I fagioli dall’occhio

In Italia il fagiolo è stato coltivato fin dall’antichità.
Era il fagiolo dall’occhio, l’unico fagiolo autoctono del Vecchio mondo, essendo originario dell’Africa e dell’Asia, da non confondere con i fagioli che si trovano oggi in commercio, che provengono invece dall’America.
Il fagiolo dall’occhio , chiamati così per la caratteristica macchiolina nera tonda, è piccolo, con buccia sottile e pasta cremosa.
Se un tempo erano molto consumati e fino a qualche decennio fa ancora apparivano sulle nostre tavole, ora sono quasi scomparsi e sono coltivati solo in alcune zone della Puglia e della Toscana.
Quelli che troviamo in commercio, se li troviamo, provengono quasi tutti dalla Nigeria, grande produttrice in quanto questo legume sopporta molto bene la siccità e cresce vigoroso anche nei terreni aridi.
Il fagiolo dall’occhio era il classico fagiolo dell’orto di campagna : si seminava in maggio e si raccoglieva fresco dalla prima quindicina di ottobre e secco a fine novembre.
I fagioli erano molto consumati nelle famiglie campagnole di una volta: col sugo di fagioli si condiva la polenta,oppure si facevano minestre in brodo con fagioli e manfrigoli o maltagliati di pasta matta.

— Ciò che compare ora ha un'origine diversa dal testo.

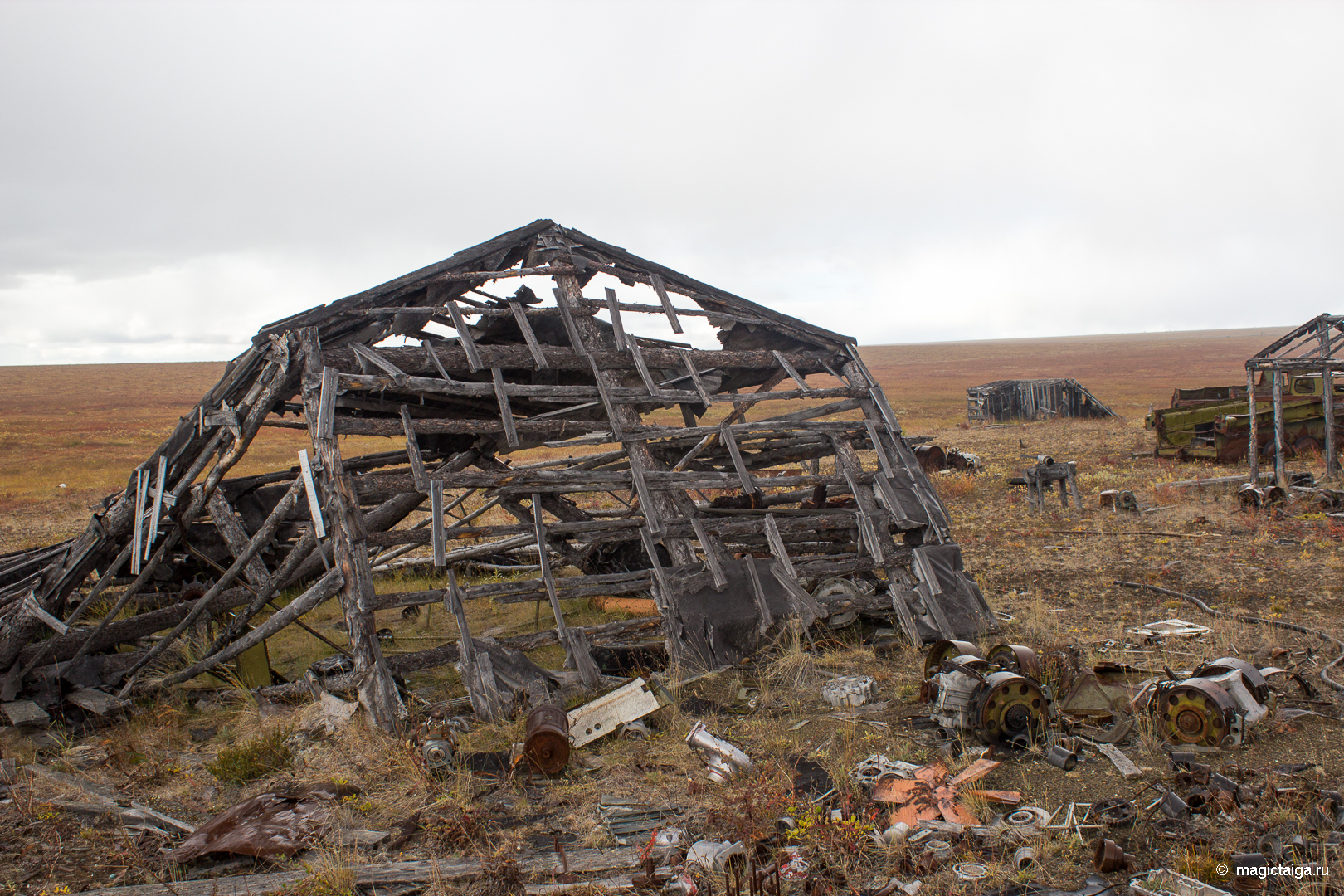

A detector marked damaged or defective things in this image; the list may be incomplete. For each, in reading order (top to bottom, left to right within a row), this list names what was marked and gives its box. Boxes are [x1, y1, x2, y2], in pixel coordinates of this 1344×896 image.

rusted truck wreck [0, 220, 994, 730]
rusted cylinder [521, 704, 569, 773]
rusty metal barrel [521, 704, 569, 773]
rusted bucket [521, 704, 569, 773]
rusted drum lying on ground [521, 704, 569, 773]
rusted machinery part [521, 704, 569, 773]
rusted machinery part [919, 636, 983, 679]
rusted gear wheel [919, 641, 983, 677]
rusted machinery part [983, 645, 1043, 679]
rusted machinery part [978, 669, 1048, 747]
rusted gear wheel [978, 671, 1048, 752]
rusted gear wheel [1161, 682, 1230, 747]
rusted machinery part [1156, 679, 1236, 752]
rusted machinery part [1113, 577, 1344, 698]
rusted machinery part [1199, 655, 1269, 704]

E poi c’è la zuppa di fagioli, i “fasùl s-cèt” cioè schietti, da soli, senza sfoglia o pasta o altro….al massimo solo qualche tenera cotica.
La ricetta è semplice:si fanno cuocere a fuoco basso lentamente i fagioli tenuti a bagno per tutta la notte, salando solo verso fine cottura.

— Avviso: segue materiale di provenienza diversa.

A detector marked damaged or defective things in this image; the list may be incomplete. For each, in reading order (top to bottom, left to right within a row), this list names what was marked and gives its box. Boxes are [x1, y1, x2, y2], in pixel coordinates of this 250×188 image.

A parte , in una pentola ,si fa soffriggere in due cucchiai d’olio uno spicchio d’aglio schiacciato e un rametto di rosmarino.
Si aggiunge un cucchiaio di conserva di pomodoro e vi si versano sopra i fagioli lessati con la loro acqua , lasciando sul fuoco ancora dieci minuti.
Una parte dei fagioli si può anche passare al passaverdure per rendere la zuppa più densa, che poi viene servita con fettine di pane raffermo ,come si usava una volta, quando si faceva per mangiare il pane secco o la piadina avanzati i giorni prima.